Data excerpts
== == ==
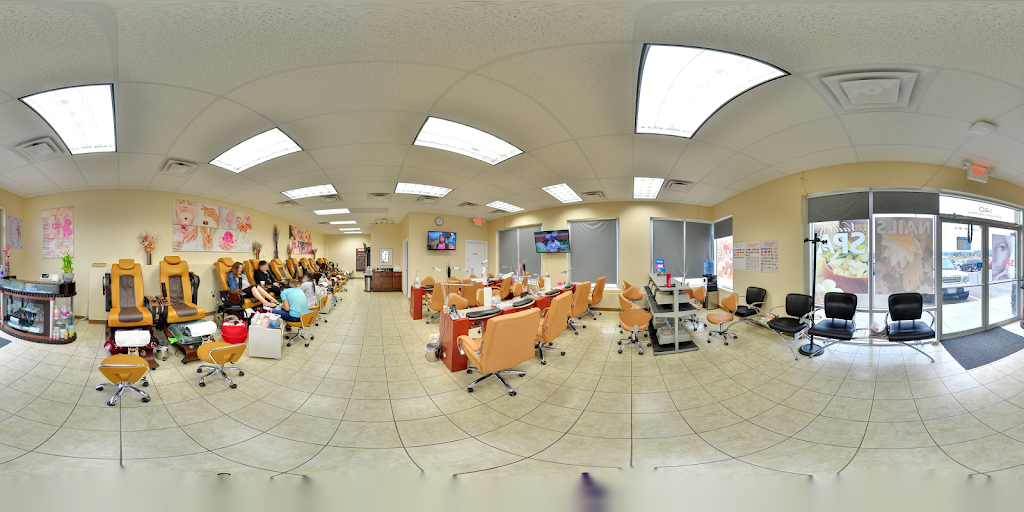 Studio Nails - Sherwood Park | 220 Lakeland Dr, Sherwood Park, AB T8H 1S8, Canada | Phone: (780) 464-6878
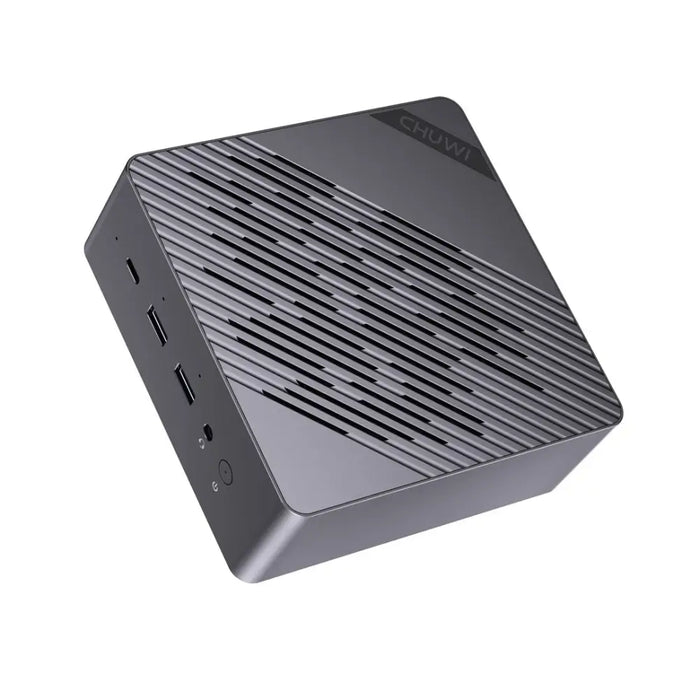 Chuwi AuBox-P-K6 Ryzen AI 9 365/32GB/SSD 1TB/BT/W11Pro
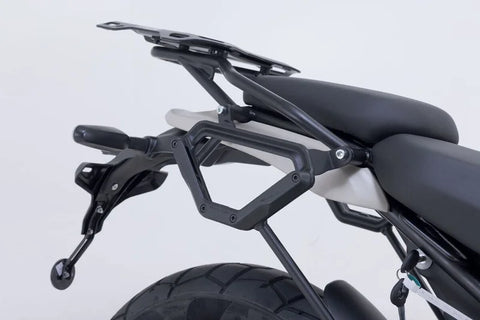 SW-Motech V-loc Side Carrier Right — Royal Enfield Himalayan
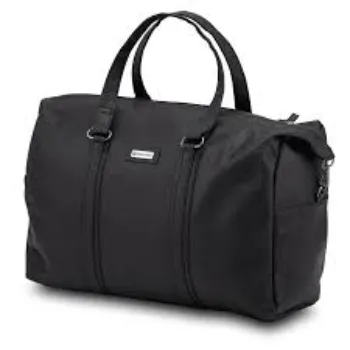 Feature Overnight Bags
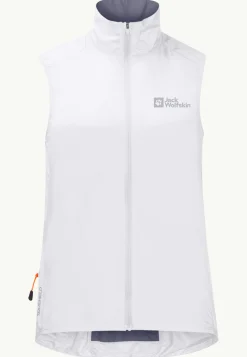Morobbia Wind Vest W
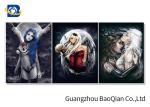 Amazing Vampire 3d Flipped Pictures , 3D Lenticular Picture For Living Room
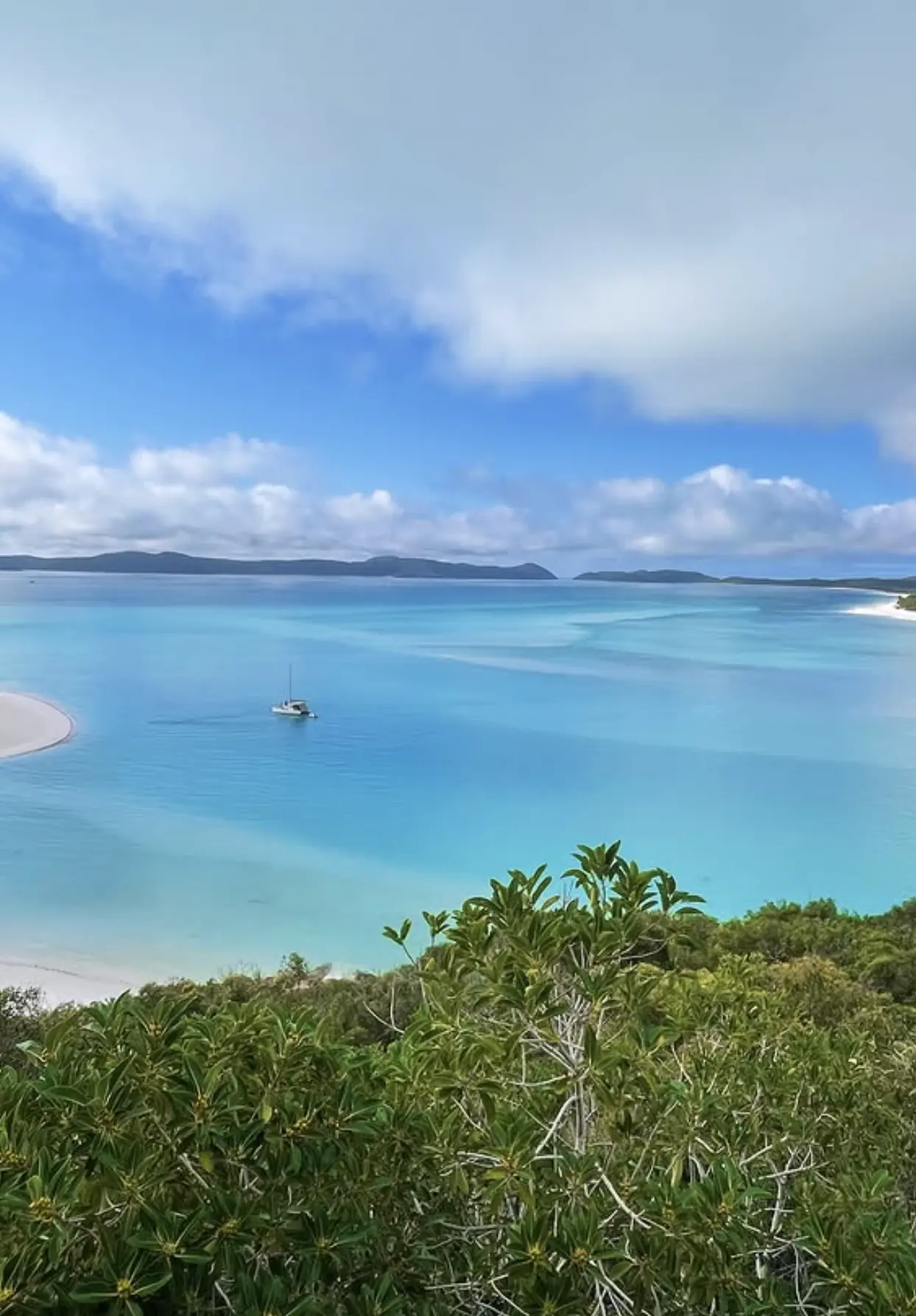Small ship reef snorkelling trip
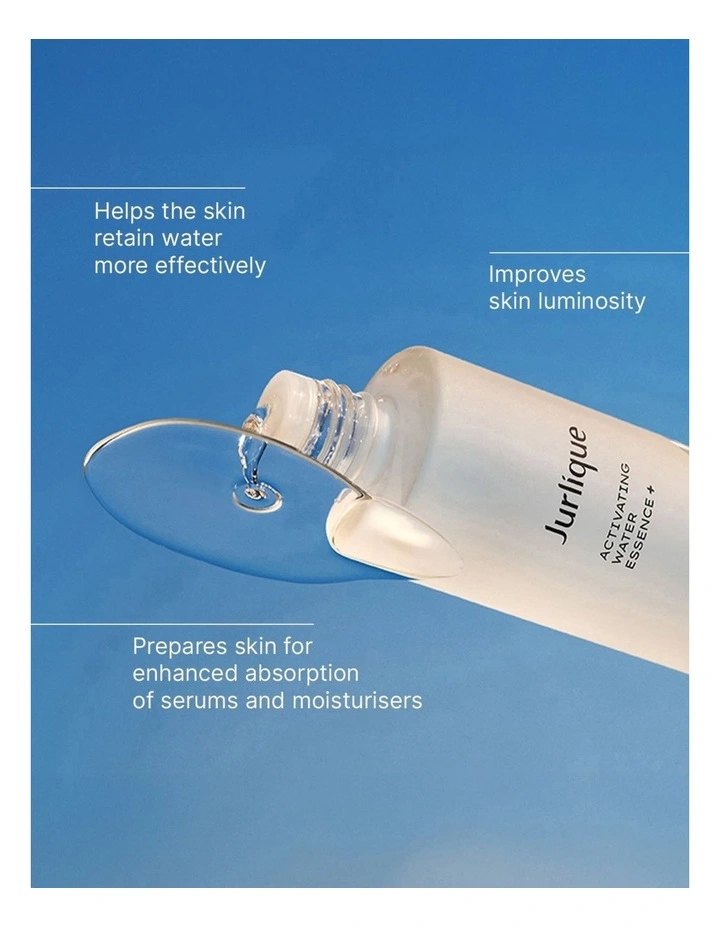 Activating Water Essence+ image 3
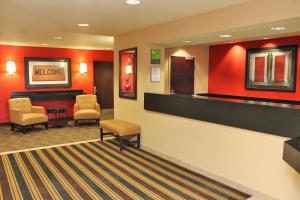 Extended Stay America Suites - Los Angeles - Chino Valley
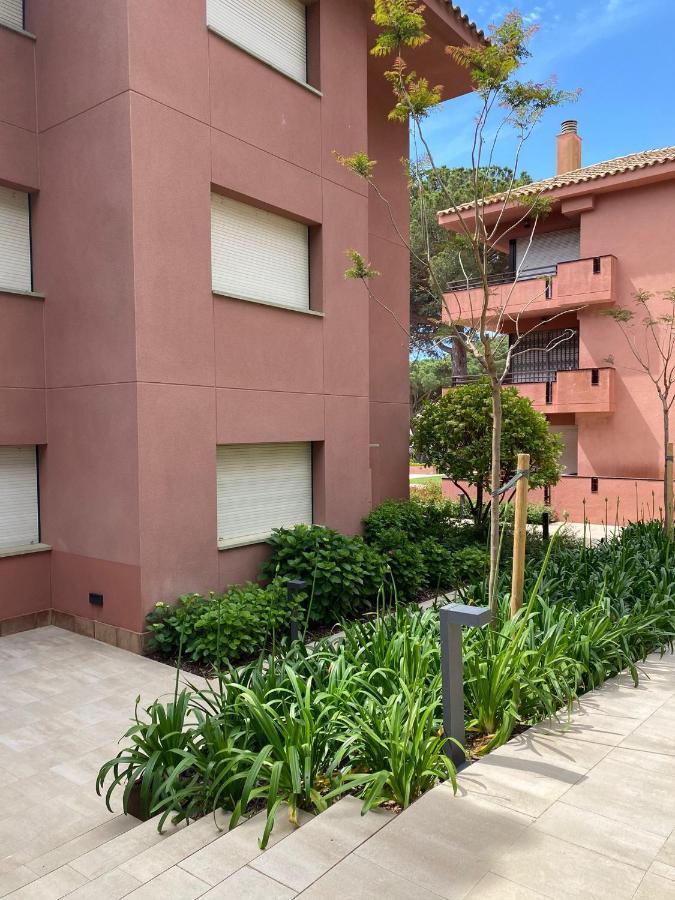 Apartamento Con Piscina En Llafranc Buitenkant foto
== == ==
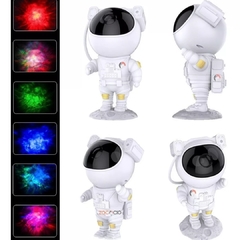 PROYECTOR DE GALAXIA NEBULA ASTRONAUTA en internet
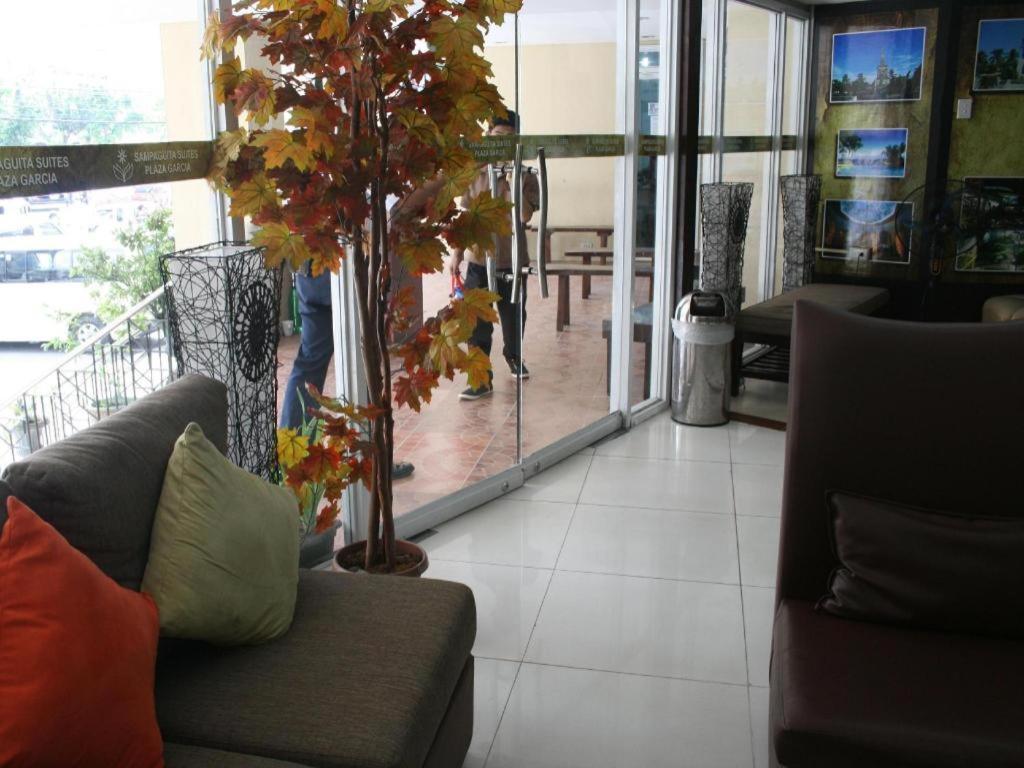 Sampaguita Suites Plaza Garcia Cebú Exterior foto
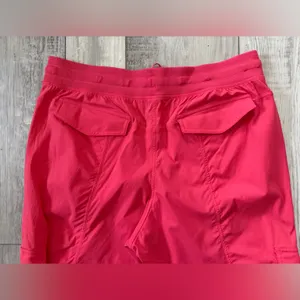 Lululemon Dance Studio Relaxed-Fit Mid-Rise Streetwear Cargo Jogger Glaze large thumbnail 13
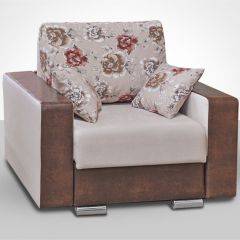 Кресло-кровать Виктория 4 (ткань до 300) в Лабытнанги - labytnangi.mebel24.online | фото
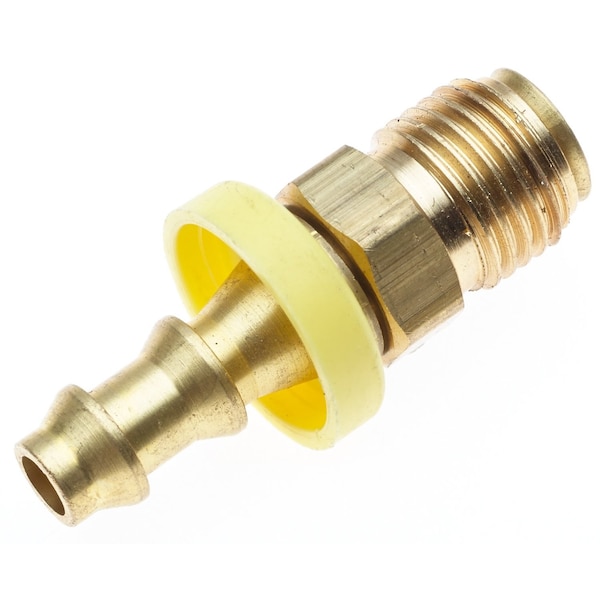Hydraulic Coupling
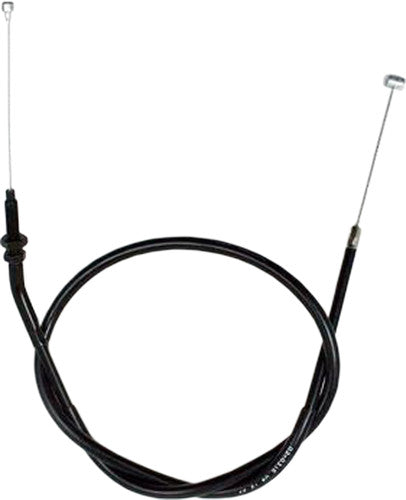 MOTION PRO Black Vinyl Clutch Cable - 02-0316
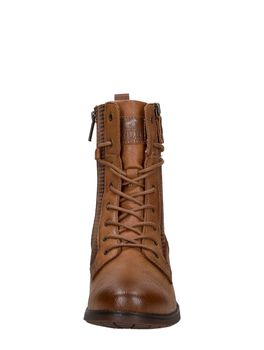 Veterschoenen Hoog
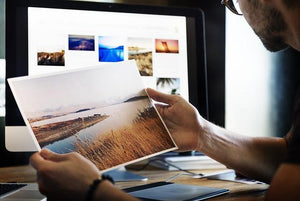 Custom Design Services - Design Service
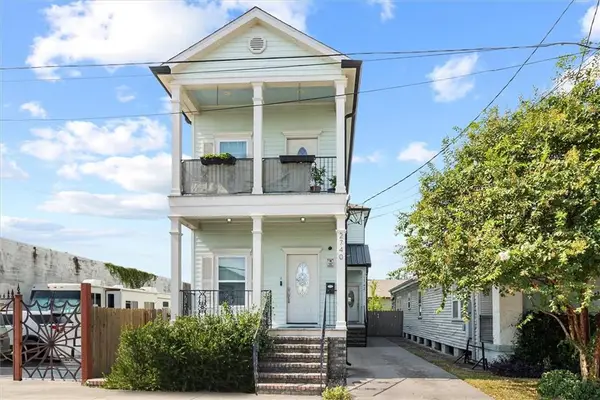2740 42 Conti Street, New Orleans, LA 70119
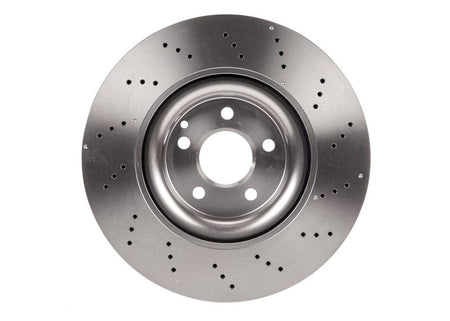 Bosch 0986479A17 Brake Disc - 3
== == ==
The task => From the records above, output only the lines starting at the one containing "Custom Design Services - Design Service" and ending at the one containing "Bosch 0986479A17 Brake Disc - 3", word for word. Pictures stay out.

Solution below =>
 Custom Design Services - Design Service
2740 42 Conti Street, New Orleans, LA 70119
 Bosch 0986479A17 Brake Disc - 3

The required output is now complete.